Conclusion
Dans ce mémoire, le questionnement a été
axé sur le rôle des représentations dans la
définition des problèmes sociaux, et leur place centrale dans les
luttes sociales. Cela a conduit à lier une réflexion sur l'action
d'un mouvement social, le mouvement noir brésilien, et sur les
politiques publiques, dans la perspective cognitiviste, qui leur accorde une
place centrale. Le premier chapitre a permis de retracer sur le temps long
l'évolution de ces représentations, à travers la formation
d'un courant dominant qui influence les politiques publiques et
l'émergence d'un courant de représentations minoritaires qui se
manifeste à travers les différentes incarnations au cours du
XX° siècle du mouvement noir. Le mythe de la démocratie
raciale, fondateur dans l'identité brésilienne, même
contemporaine, parvient donc, malgré les critiques, quasi intact au
début des années 1980, période de redémocratisation
de la vie politique dans le pays.
Les vingt dernières années d'action du mouvement
noir dans le champ de la politique institutionnelle nationale sont
analysées dans le deuxième chapitre dans la perspective d'une
politique culturelle. Malgré les difficultés à agir contre
un courant principal hégémonique, le mouvement noir parvient
à faire avancer ses revendications, notamment dans le domaine de
l'éducation, qu'il a depuis longtemps défini comme un secteur
clé dans le conflit de représentations. En obtenant finalement
l'obligation de l'enseignement de l'histoire et de la culture
afro-brésilienne à l'école, grâce au vote de la loi
10.639 en 2003, il remporte une victoire qui marque l'ouverture du champ des
représentations, même si ce processus est toujours
réversible et fondé sur le conflit. La critique des
représentations dominantes y gagne plus de légitimité,
même si ce changement dans le champ politique n'est qu'un pas vers une
traduction en politiques publiques qui permettraient un enracinement de ces
avancées.
Basculant vers un niveau beaucoup plus bas, qualifié de
micropolitique, le chapitre III décrit la mise en oeuvre du programme
« Sao Paulo : Educando pela diferença e para a
igualdade », une déclinaison de la loi 10.639 et de son
décret d'application. En même temps que l'on change de niveau, on
passe d'un champ à l'autre : du politique à l'administratif.

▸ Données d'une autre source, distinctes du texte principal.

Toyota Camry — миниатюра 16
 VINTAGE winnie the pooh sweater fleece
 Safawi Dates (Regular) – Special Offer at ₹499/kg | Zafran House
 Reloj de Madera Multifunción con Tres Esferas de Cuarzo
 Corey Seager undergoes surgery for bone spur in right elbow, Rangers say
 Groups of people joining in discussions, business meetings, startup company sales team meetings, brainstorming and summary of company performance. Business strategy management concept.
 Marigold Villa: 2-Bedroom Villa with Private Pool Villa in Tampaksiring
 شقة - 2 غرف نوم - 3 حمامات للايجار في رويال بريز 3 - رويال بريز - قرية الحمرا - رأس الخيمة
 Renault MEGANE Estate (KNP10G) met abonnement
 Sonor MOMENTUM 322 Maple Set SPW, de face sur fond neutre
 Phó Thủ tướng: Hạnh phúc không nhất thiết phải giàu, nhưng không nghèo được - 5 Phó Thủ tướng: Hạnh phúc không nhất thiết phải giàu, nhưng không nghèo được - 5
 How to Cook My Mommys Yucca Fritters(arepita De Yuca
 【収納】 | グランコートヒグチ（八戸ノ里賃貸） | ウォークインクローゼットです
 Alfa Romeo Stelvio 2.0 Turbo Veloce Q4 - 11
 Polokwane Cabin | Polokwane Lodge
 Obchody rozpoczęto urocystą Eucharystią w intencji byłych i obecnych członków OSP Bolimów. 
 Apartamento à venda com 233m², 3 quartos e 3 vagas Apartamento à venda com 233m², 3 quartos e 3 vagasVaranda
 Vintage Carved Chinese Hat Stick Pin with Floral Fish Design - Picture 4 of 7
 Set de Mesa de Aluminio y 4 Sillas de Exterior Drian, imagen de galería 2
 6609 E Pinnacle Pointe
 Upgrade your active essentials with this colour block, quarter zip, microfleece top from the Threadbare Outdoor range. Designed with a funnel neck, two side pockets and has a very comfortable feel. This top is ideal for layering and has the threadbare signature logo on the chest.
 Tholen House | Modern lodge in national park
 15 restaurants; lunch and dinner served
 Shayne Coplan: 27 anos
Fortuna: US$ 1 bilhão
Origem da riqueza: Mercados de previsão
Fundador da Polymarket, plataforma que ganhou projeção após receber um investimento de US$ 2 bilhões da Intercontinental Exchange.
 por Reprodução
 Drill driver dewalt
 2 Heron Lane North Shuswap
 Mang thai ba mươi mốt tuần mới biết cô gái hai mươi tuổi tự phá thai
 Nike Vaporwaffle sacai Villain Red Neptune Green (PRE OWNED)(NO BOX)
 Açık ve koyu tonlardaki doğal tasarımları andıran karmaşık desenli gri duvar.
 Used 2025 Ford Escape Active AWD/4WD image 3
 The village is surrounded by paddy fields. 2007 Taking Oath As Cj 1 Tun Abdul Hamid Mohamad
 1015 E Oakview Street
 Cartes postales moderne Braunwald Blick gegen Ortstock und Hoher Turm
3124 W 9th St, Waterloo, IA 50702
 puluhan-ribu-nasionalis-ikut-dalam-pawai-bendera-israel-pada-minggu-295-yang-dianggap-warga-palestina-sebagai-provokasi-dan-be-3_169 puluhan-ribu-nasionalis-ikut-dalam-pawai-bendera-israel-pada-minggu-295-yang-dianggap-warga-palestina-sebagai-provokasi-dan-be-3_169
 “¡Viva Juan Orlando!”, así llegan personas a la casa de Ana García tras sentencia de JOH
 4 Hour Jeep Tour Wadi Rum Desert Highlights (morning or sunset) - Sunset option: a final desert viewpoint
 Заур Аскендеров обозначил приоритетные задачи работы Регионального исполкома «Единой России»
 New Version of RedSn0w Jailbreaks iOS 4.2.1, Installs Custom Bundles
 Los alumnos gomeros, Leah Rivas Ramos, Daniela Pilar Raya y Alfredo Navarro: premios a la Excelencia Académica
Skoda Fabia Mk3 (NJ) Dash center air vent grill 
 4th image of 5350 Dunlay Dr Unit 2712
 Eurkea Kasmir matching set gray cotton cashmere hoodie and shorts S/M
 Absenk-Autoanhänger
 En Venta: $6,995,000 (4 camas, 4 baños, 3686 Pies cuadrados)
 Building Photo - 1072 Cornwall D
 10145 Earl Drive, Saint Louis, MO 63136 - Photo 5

Si les frontières entre les deux ne sont pas étanches, puisqu'une
impulsion dans le premier est à l'origine de modifications dans le
second, ils restent cependant relativement distincts, obéissant à
des logiques et des contraintes différentes. Ainsi, la politique
culturelle dont il pouvait formuler les éléments de
manière radicale dans le champ politique, doit être
formulée d'une manière beaucoup plus consensuelle pour
« conquérir » les professeurs. Ce programme, et les
conflits qui y affleurent, ouvrent des pistes de réflexion pour un
éventuel changement des représentations au Brésil et, dans
la perspective de l'analyse cognitiviste des politiques publiques, du
référentiel des acteurs.
La réflexion, fondée sur une ample consultation
bibliographique et une enquête de terrain au Brésil, ne permet
cependant pas d'établir des conclusions définitives sur ces
questions. Au contraire, elle semble surtout ouvrir des axes de recherche
féconds pour des travaux futurs. En effet, malgré la valeur
heuristique des outils conceptuels mobilisés, comme le
référentiel, la brièveté du travail d'observation
empêche de se prononcer de manière claire sur une évolution
du référentiel des acteurs. Le programme, qui a valeur
d'expérience, apparaît tout juste comme marquant une tendance, qui
s'inscrit dans le mouvement, esquissé depuis une vingtaine
d'années, de reformulation de l'identité nationale
brésilienne. Il pourrait signifier un changement dans les politiques
publiques que seules des évolutions ultérieures permettront de
certifier. En effet, selon la conjoncture politique et la persistance du
mouvement noir, ce changement pourrait tout autant se pérenniser voire
s'amplifier qu'en rester au statut d'expérience sans lendemain.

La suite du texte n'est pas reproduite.